03-01-2013, 12:28 PM
Bi-directional Translation of Relational Data into Virtual RDF Stores
1Bi-directional Translation.pdf (Size: 742.54 KB / Downloads: 24)
Abstract
A vast majority of the world’s valuable data currently
exists in relational databases and other legacy storage
systems. In order for Semantic Web applications to access such
legacy data without replication or synchronization of the same,
the gap between the two needs to be bridged. Several efforts exist
that publish relational data as Resource Description Framework
(RDF) triples; however almost all current work in this arena is
uni-directional, presenting the existing and new data from an
underlying relational database into a corresponding virtual RDF
store in a read-only manner. This paper expands on previous
relational-to-RDF bridging work, by enabling the bridge to be
bi-directional and allowing data updates specified as triples
to be propagated back to the relational database as tuples.
Algorithms to translate the triples to be updated/inserted/deleted
into equivalent relational attributes/tuples whenever possible are
presented. A widely embraced open-source tool called D2RQ is
enhanced with these algorithms to serve as evidence of the bidirectionality
of our translation process.
INTRODUCTION
The ability of the World Wide Web to serve as a universal
medium for the exchange of data and knowledge has increased
its popularity and spawned related efforts such as the Semantic
Web. The Semantic Web is a rapidly maturing initiative that
is envisioned to enhance computer understandability of the
subject matter of web pages through the use of meta-data
rather than keywords. Further, Semantic Web technologies and
specifications such as the Resource Description Framework
(RDF1) and the Web Ontology Language (OWL2) provide
a means to integrate disparate data sources and reuse data
across applications through the use of ontologies. The above
reasons, coupled with the simplicity and flexibility offered by
RDF and other Semantic Web technologies, have resulted in
widespread adoption of the same. On the other hand, relational
databases, by virtue of having been in existence for several
decades now, are the most commonly used storage solutions
in production environments.
RELATED WORK
Several research efforts exist that attempt to bring relational
database concepts and Semantic Web concepts together in
a uni-directional, read-only manner. One such effort is the
D2RQ project [2] which is essentially a mapping between
relational schema and OWL/RDF-Schema (RDFS4) concepts.

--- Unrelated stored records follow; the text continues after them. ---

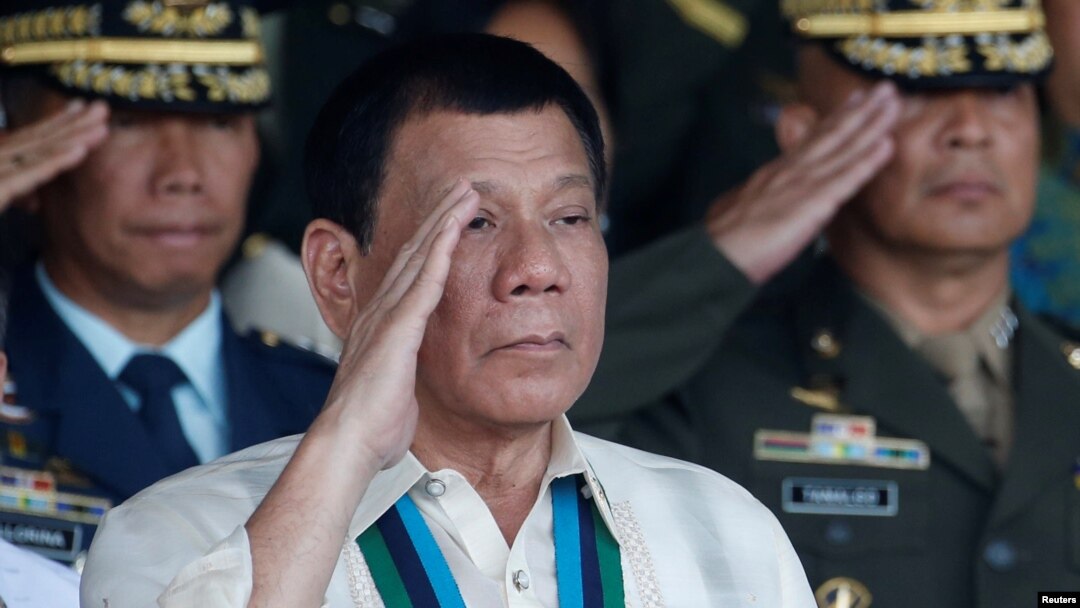 FILE - Philippine President Rodrigo Duterte salutes with other military officers during a anniversary celebration of the Armed Forces at a military camp in Quezon city, Manila.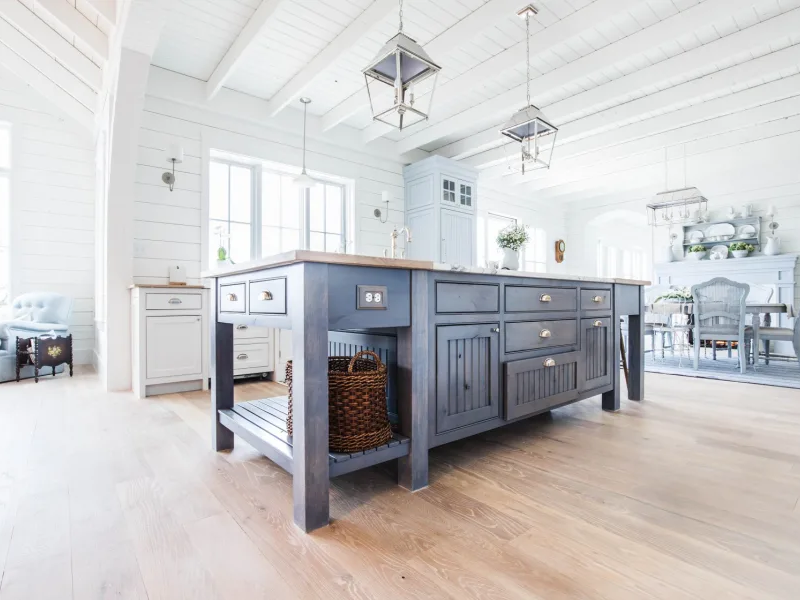 gray island kitchen and brown hardwood floor from The Wholesale Flooring Company in Myrtle Beach, SC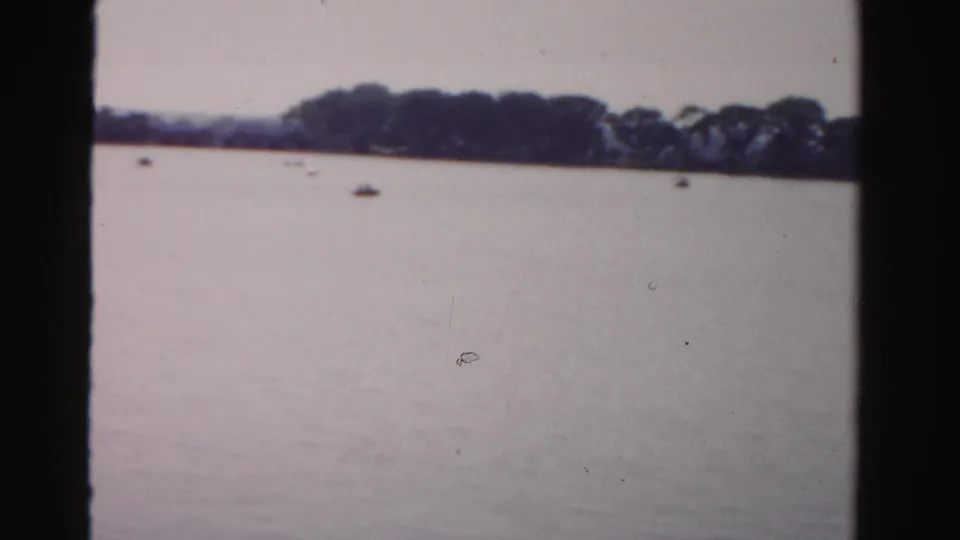 Soft archival frame of calm water, distant trees, and small boats on a broad waterside landscape.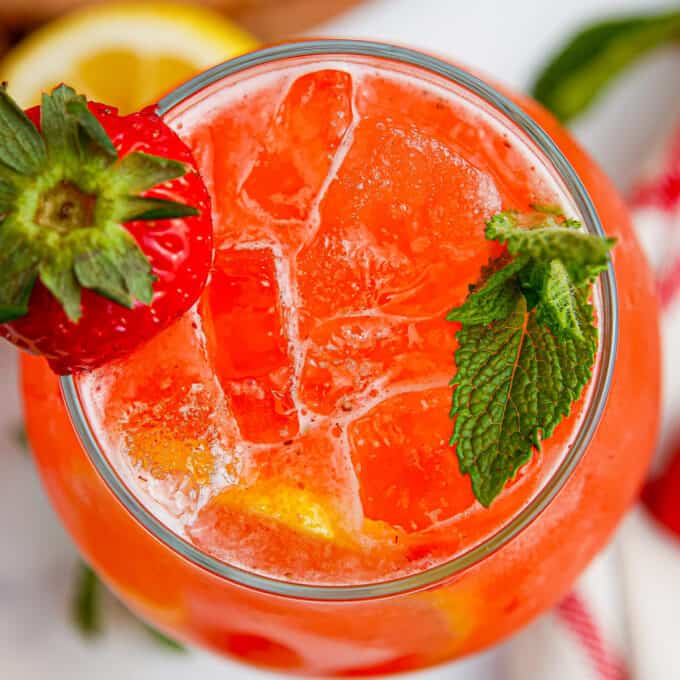 overhead photo of a glass of strawberry lemonade garnished with mint and strawberry.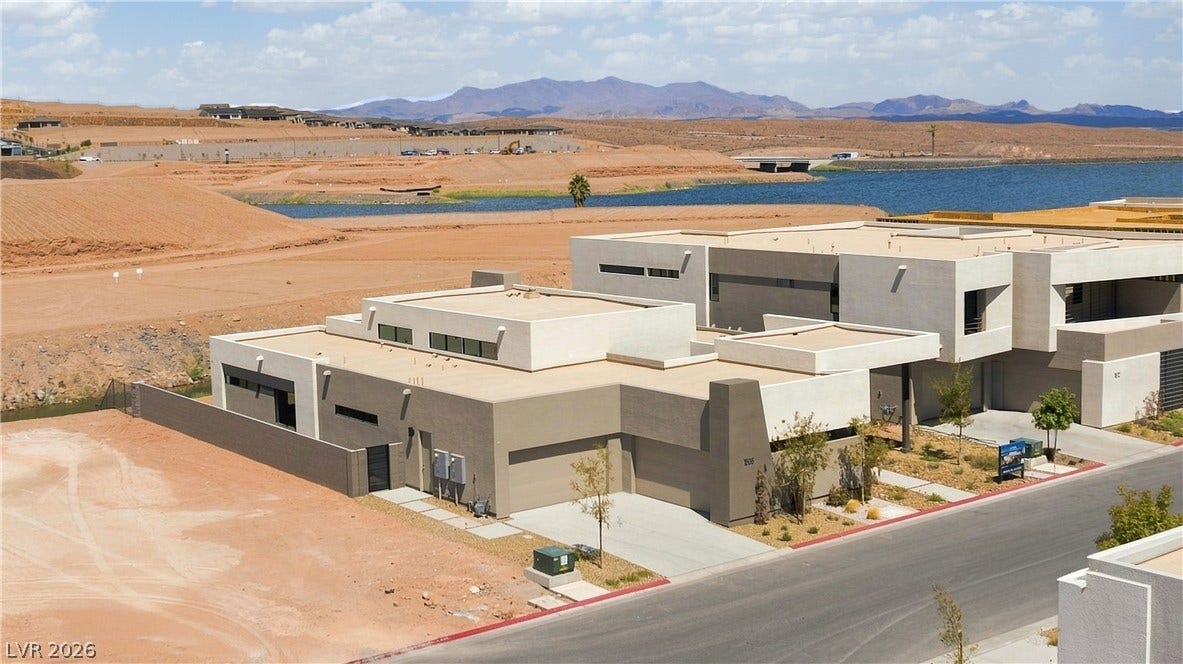 Sleek contemporary architecture blends into the desert landscape overlooking tranquil water views.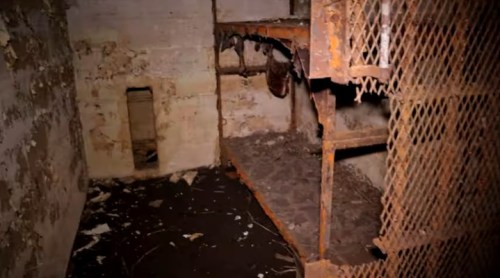 A dimly lit, abandoned room with peeling walls and a rusty metal shelf, suggesting neglect and decay.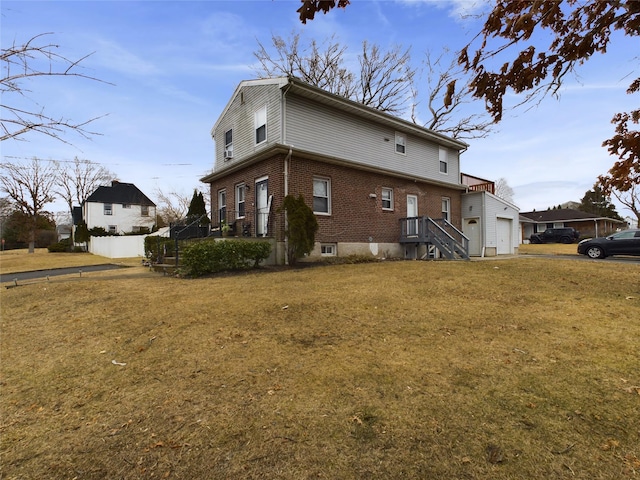 view of home's exterior featuring a lawn and brick siding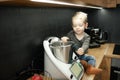 Portrait of concentrated little boy toddler with fair hair sitting on table near kneader cooking machine in kitchen.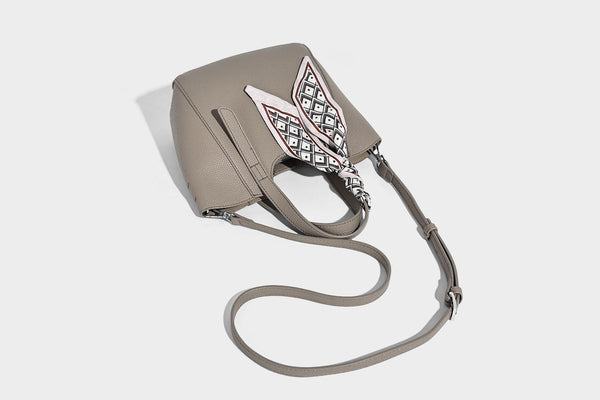 Structured pebbled leather-look tote bag with detachable scarf tie, dual top handles, and adjustable crossbody strap, detail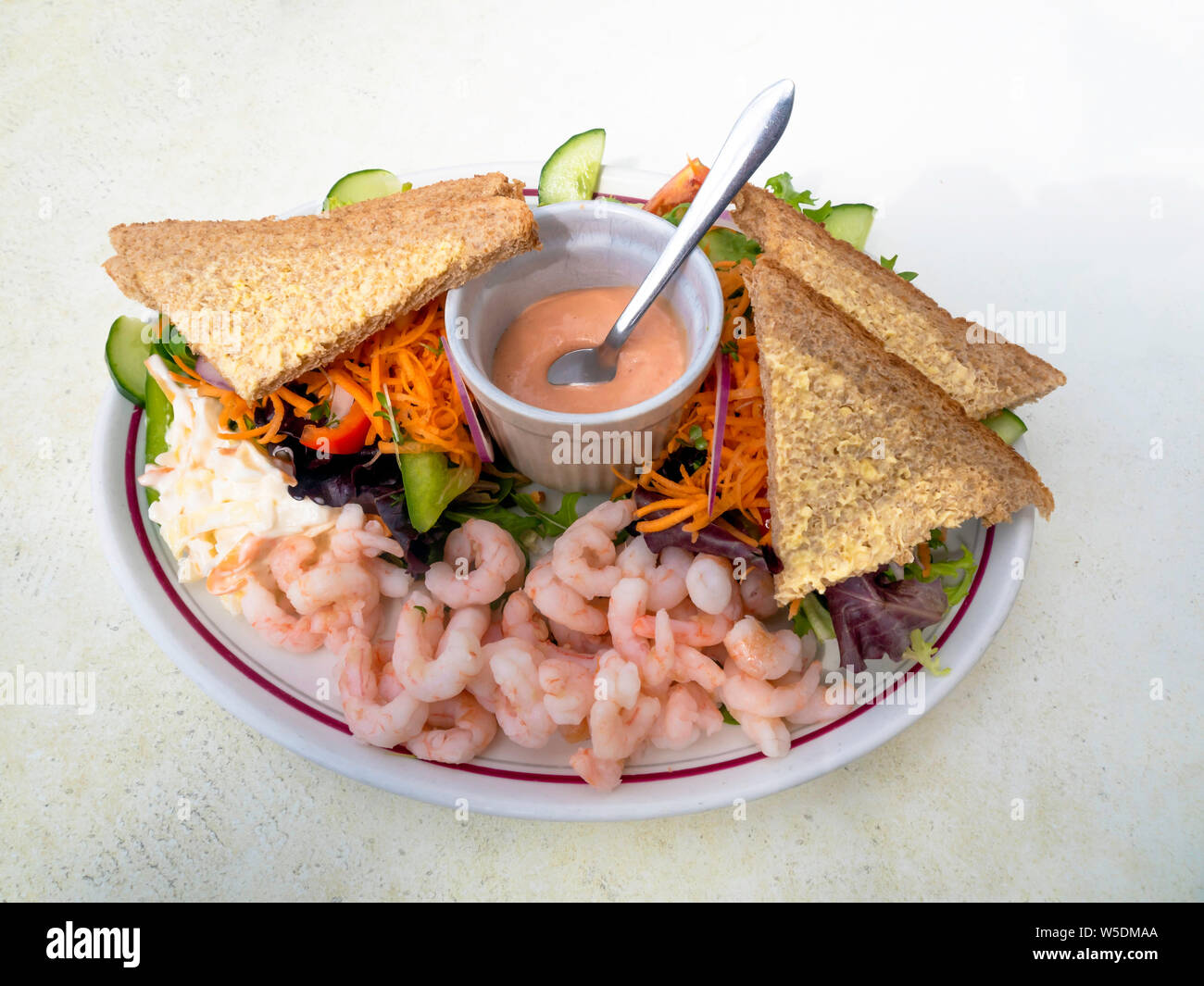 Light lunch meal Prawn  salad with Rose Marie Sauce and sliced brown bread Stock Photo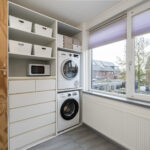 Instapklare tussenwoning met tuinkamer, visgraat PVC-vloer met vloerverwarming, moderne keuken en verzorgde afwerking aan de Vechterweerdstraat 60 in Stadshagen, Zwolle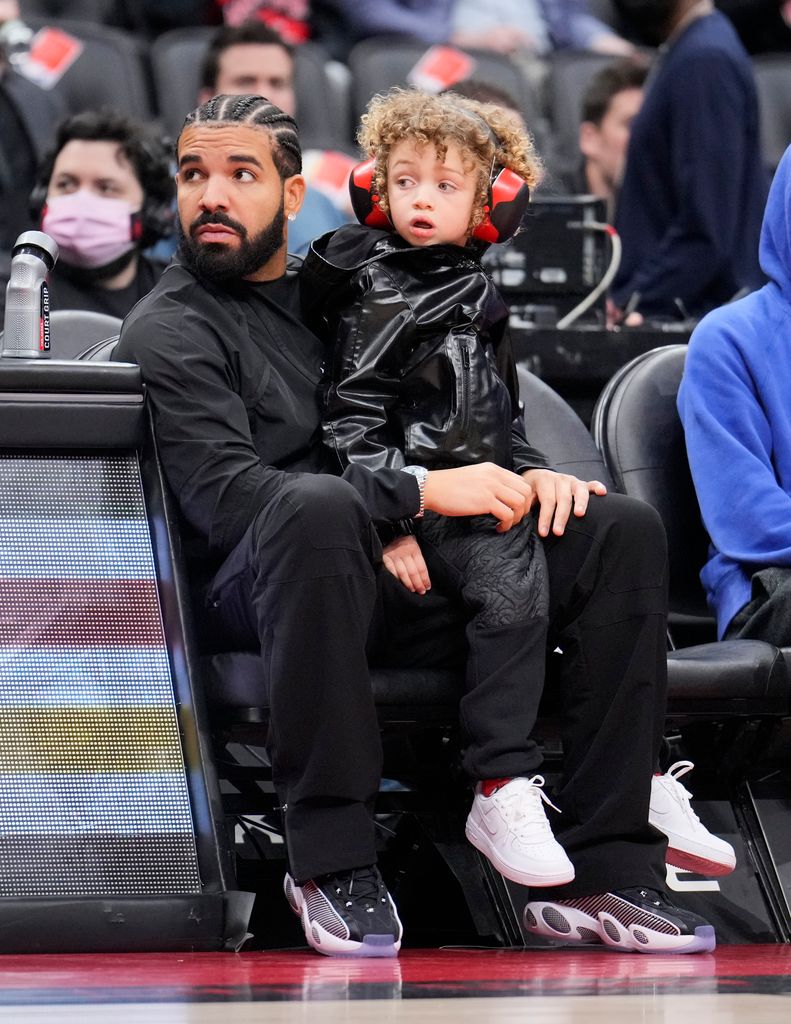 Drake sits with his son Adonis before the Toronto Raptors play the Philadelphia 76ers in their basketball game at the Scotiabank Arena on April 7, 2022 in Toronto, Ontario, Canada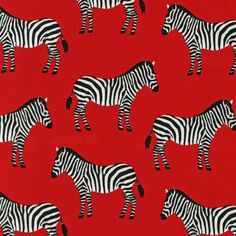 a red background with black and white zebras on the same color as each other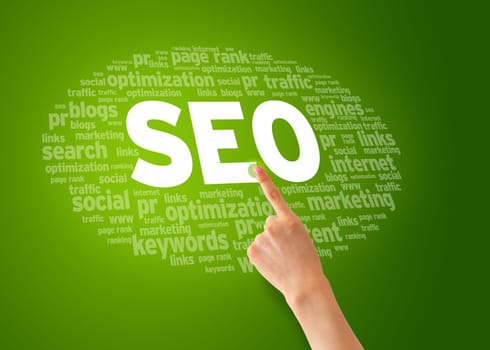 Hand pointing at a Search Engine Optimization Word Cloud.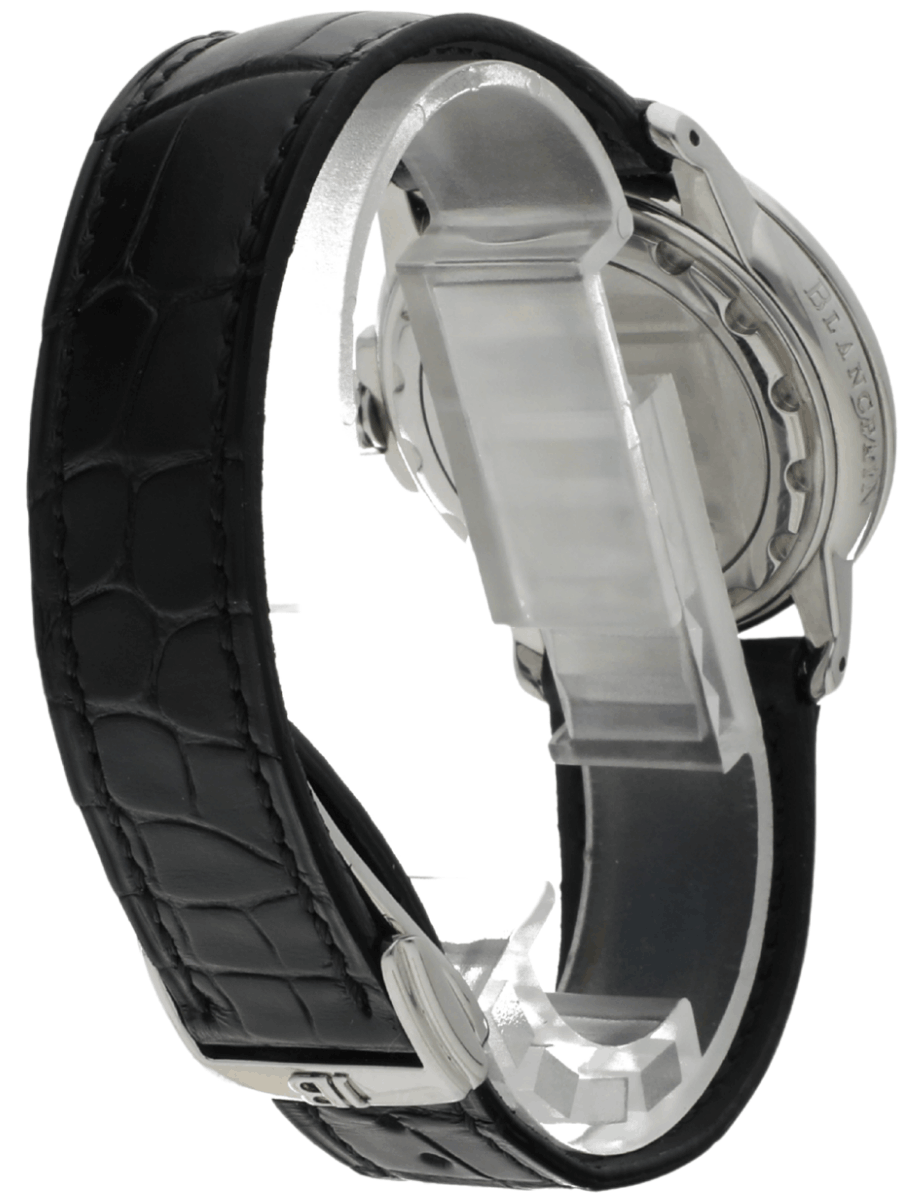Side view of a stainless steel watch with a black textured leather strap and deployment clasp, showing the case back.
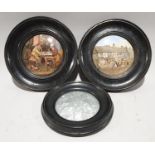 A pair of Victorian ceramic pot lids in oak frames together with another fabric pot lid.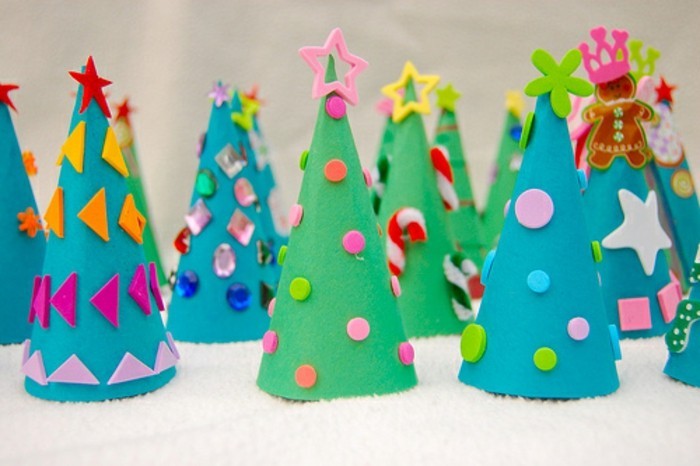 diys for your room, many christmas trees, made from green and blue felt, decorated with different cutouts, shapes and sticky shiny gems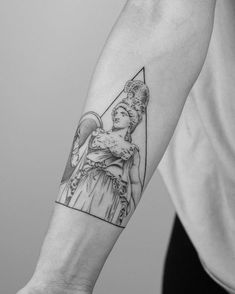 a person with a tattoo on their arm holding an object in one hand and the other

D2RQ takes a relational database schema as input and presents
an RDF interface of the same as output. Our work in this
paper is centered completely around D2RQ and attempts to
extend the same to permit insert, update, and delete operations
on the underlying RDBMS. The work in [3] is yet another
effort that, like D2RQ, also uses a declarative meta schema
consisting of quad map patterns that define the mapping of
relational data to RDF ontologies. RDF123 [6], an open source
translation tool, also uses a mapping concept, however its
domain is spreadsheet data and it attempts to achieve richer
spreadsheet-to-RDF translation by allowing the users to define
mappings between spreadsheet semantics and RDF graphs.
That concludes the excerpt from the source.